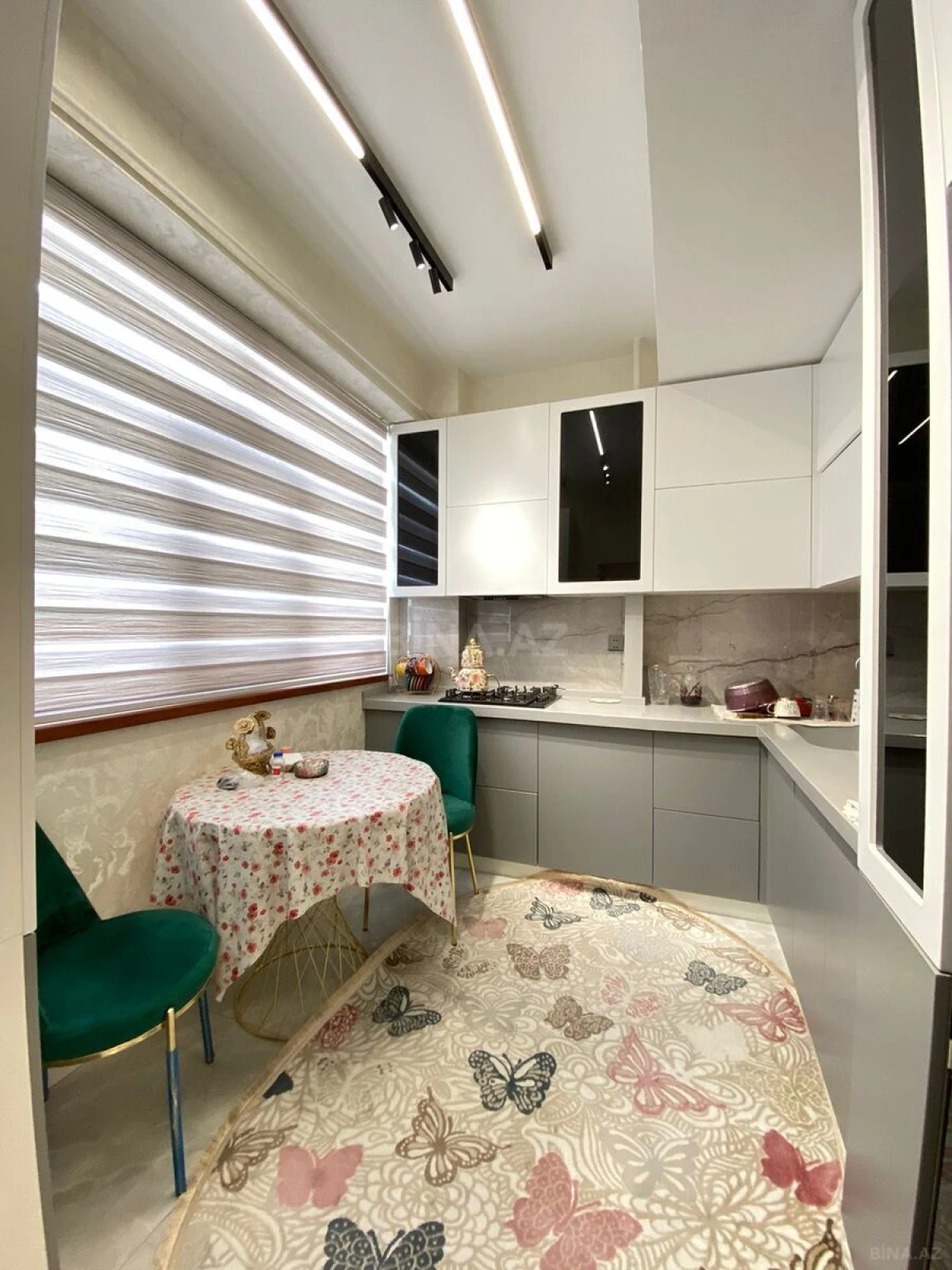 Kirayə verilir 2 otaqlı mənzil 67 m²
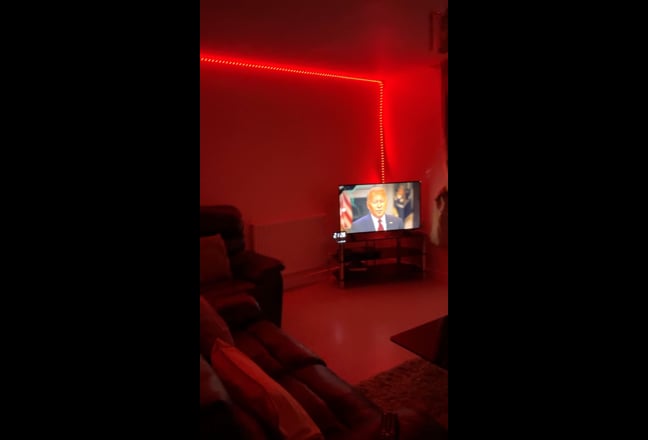 Professional Female House share Main Photo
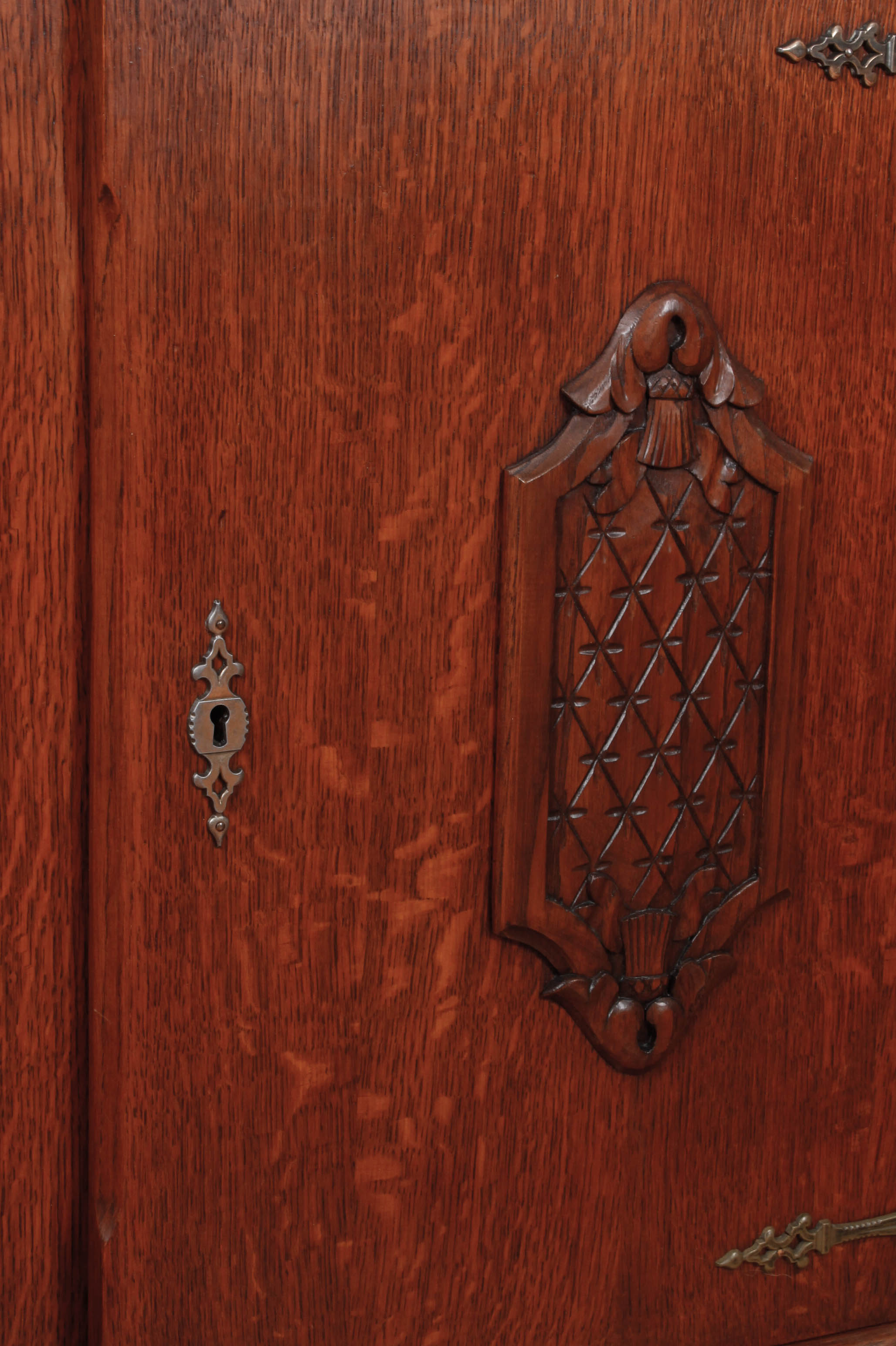 Antique European Carved Oak Entryway Credenza With Mirror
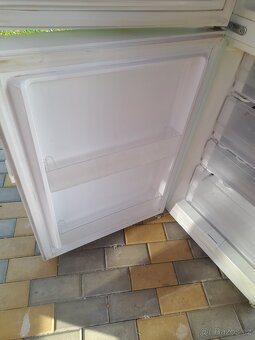 Lednice Samsung A+ - 5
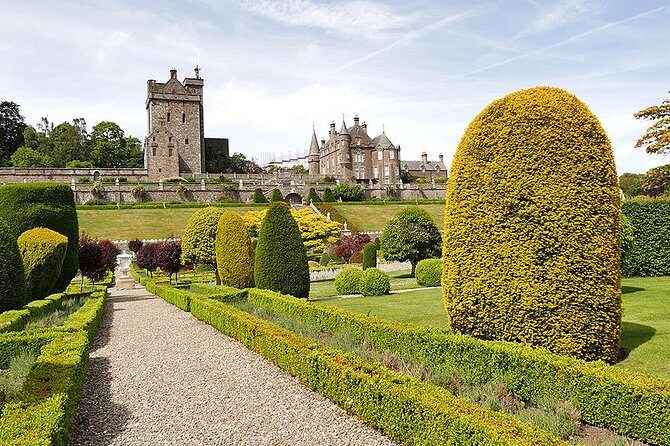 Scottish castles tour - private four castles tour from Edinburgh - Stirling Castle: royal power with a surprise-you-won’t-forget age fact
--*--
What is expected - With the pictures removed, print only the lines starting at the line that has "Professional Female House share Main Photo" and ending at the line that has "Lednice Samsung A+ - 5", both ends included, exactly as they stand above.

Task answer -
 Professional Female House share Main Photo
 Antique European Carved Oak Entryway Credenza With Mirror
 Lednice Samsung A+ - 5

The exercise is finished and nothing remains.